## Machine Learning Develop

#### We Create a dataset to save the accuracies

In [66]:
import pandas as pd

accuracy_saves = pd.DataFrame(columns=['Modelo', 'Accuracy'])

def guardar_accuracy(modelo,accuracy):

    # Accedo a la variable accuracy saves donde guardaremos los resultados
    global accuracy_saves
    
    accuracy_saves.loc[len(accuracy_saves.index)] = [modelo, accuracy]


def actualizar_accuracy(modelo,accuracy):
    
    # Accedo a la variable accuracy saves donde actualizaremos los resultados
    global accuracy_saves
    accuracy_saves.loc[accuracy_saves['Modelo'] == modelo, 'Accuracy'] = accuracy

### Import the datasets


In [67]:
import pandas as pd

# load the csv data sets

# Con Index = False, no guardamos el indice en el archivo resultante
X_train = pd.read_csv("../data/processed/X_train.csv")
X_test = pd.read_csv("../data/processed/X_test.csv")
X_train_scaled = pd.read_csv("../data/processed/X_train_scaled.csv")
X_test_scaled = pd.read_csv("../data/processed/X_test_scaled.csv")

y_train = pd.read_csv("../data/processed/y_train.csv")
y_test = pd.read_csv("../data/processed/y_test.csv")


### Load the model

#### Prediction with Lasso (L1)

In [68]:
from sklearn.linear_model import Lasso

# Carga de los datos de train y test
# Estos datos deben haber sido normalizados y correctamente tratados en un EDA completo

lasso_model = Lasso(alpha = 0.1, max_iter = 1000)

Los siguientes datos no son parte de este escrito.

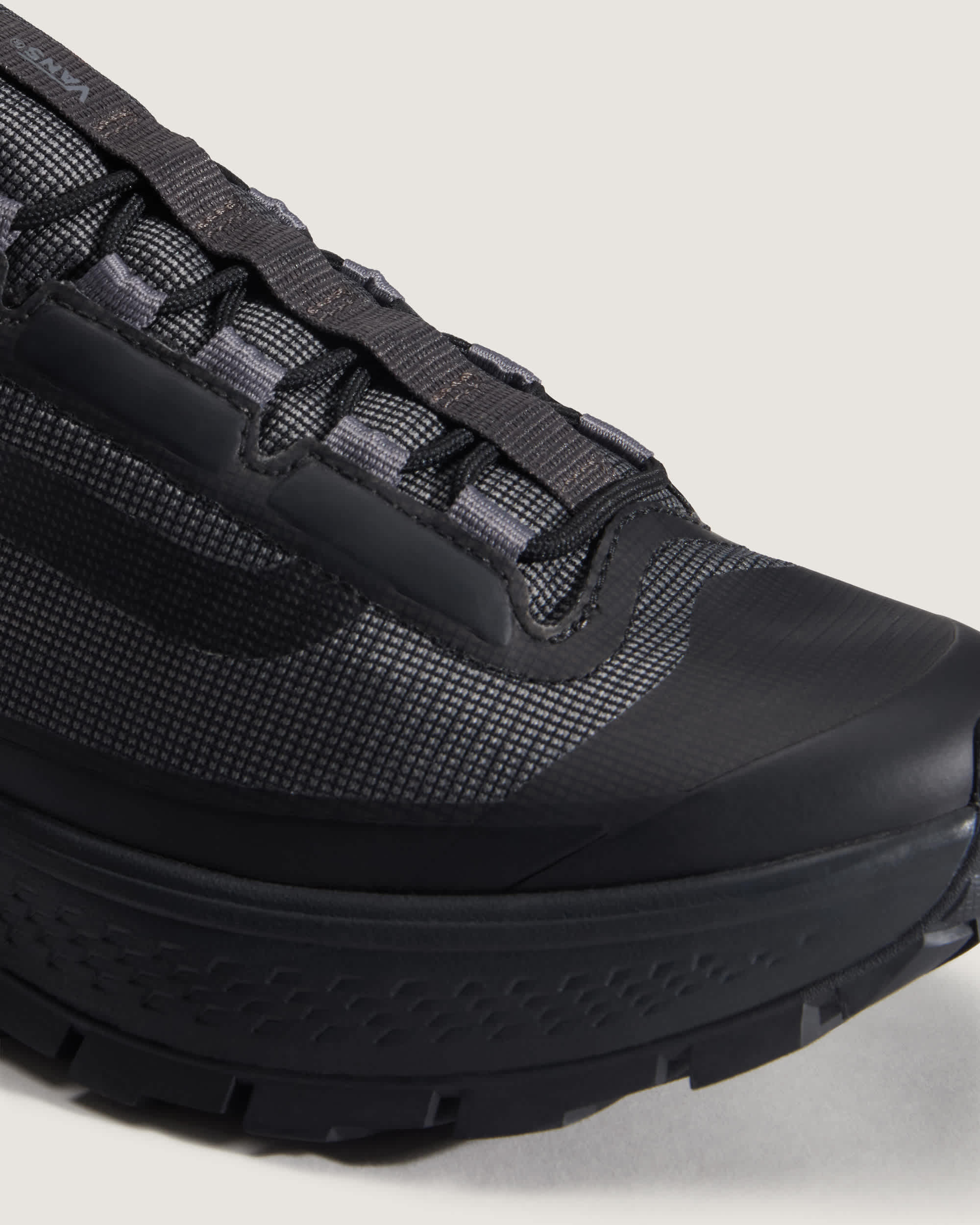Trail 36 Shoes VANS Black ALT8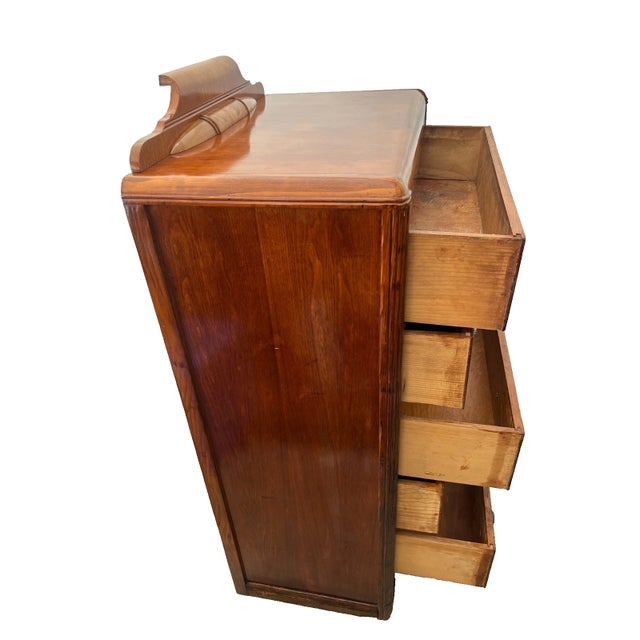 1920s Gorgeous Art Deco Dresser Chest, Rare Five Drawers, Bakelite and Brass Pulls, Waterfall Top For Sale In Palm Springs - Image 6 of 11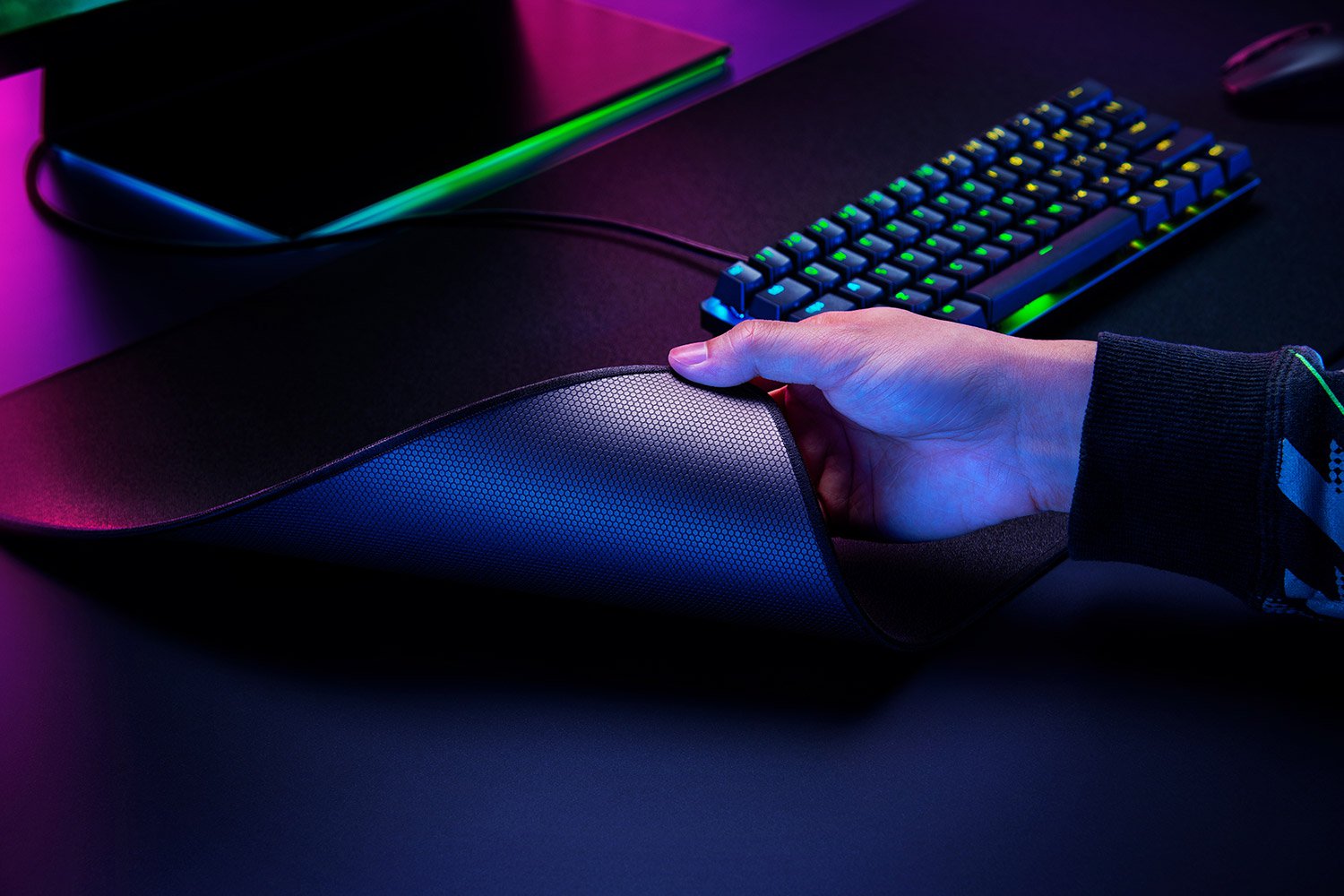 Razer Strider - XXL 混合式滑鼠墊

lasso_model.fit(X_train_scaled, y_train)

In [69]:
y_pred_train = lasso_model.predict(X_train_scaled)
y_pred_train

array([13.72869751, 13.05410317, 12.18463078, ..., 15.84671437,
       16.04586601, 10.69142036])

In [70]:
from sklearn.metrics import mean_absolute_error, mean_squared_error, r2_score
import numpy as np

target = y_train
predict = y_pred_train

texto_a_guardar = 'Lasso train'

# Calcula el Mean Absolute Error (MAE)
mae_text = 'Mean Absolute Error'
mae = mean_absolute_error(target, predict)
print(f'MAE: {mae}')
guardar_accuracy(f'{mae_text} {texto_a_guardar}' ,mae )

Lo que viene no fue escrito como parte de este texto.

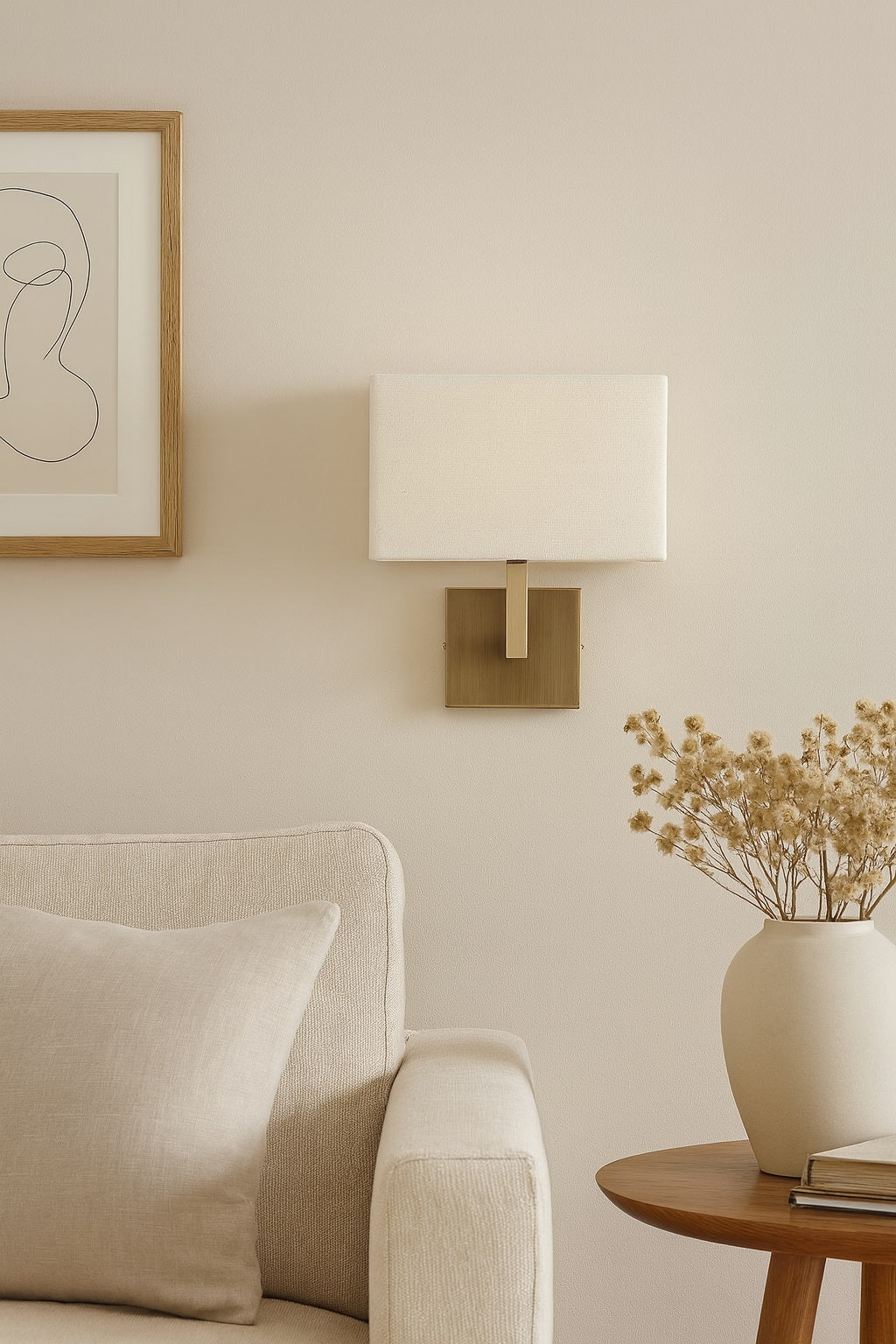Applique murale avec abat-jour rectangulaire Velina ivoire, lumière douce et déco élégante pour salon moderne.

# Calcula el Mean Squared Error (MSE)
mse_text = 'Mean Squared Error'
mse = mean_squared_error(target, predict)
print(f'MSE: {mse}')
guardar_accuracy(f'{mse_text} {texto_a_guardar}' ,mse )

# Calcula el Root Mean Squared Error (RMSE)
rmse_text = 'Root Mean Squared Error'
rmse = np.sqrt(mse)
print(f'RMSE: {rmse}')
guardar_accuracy(f'{rmse_text} {texto_a_guardar}' ,rmse )

# Calcula el Coeficiente de Determinación (R²)
r2_text = 'R²'
r2 = r2_score(target, predict)
print(f'R²: {r2}')
guardar_accuracy(f'{r2_text} {texto_a_guardar}' ,r2 )



MAE: 0.086180130776197
MSE: 0.011964585236093107
RMSE: 0.10938274651924364
R²: 0.9983517111480121


In [71]:
y_pred_test = lasso_model.predict(X_test_scaled)


In [72]:
from sklearn.metrics import mean_absolute_error, mean_squared_error, r2_score
import numpy as np

target = y_test
predict = y_pred_test

texto_a_guardar = 'Lasso test'

# Calcula el Mean Absolute Error (MAE)
mae_text = 'Mean Absolute Error'
mae = mean_absolute_error(target, predict)
print(f'MAE: {mae}')
guardar_accuracy(f'{mae_text} {texto_a_guardar}' ,mae )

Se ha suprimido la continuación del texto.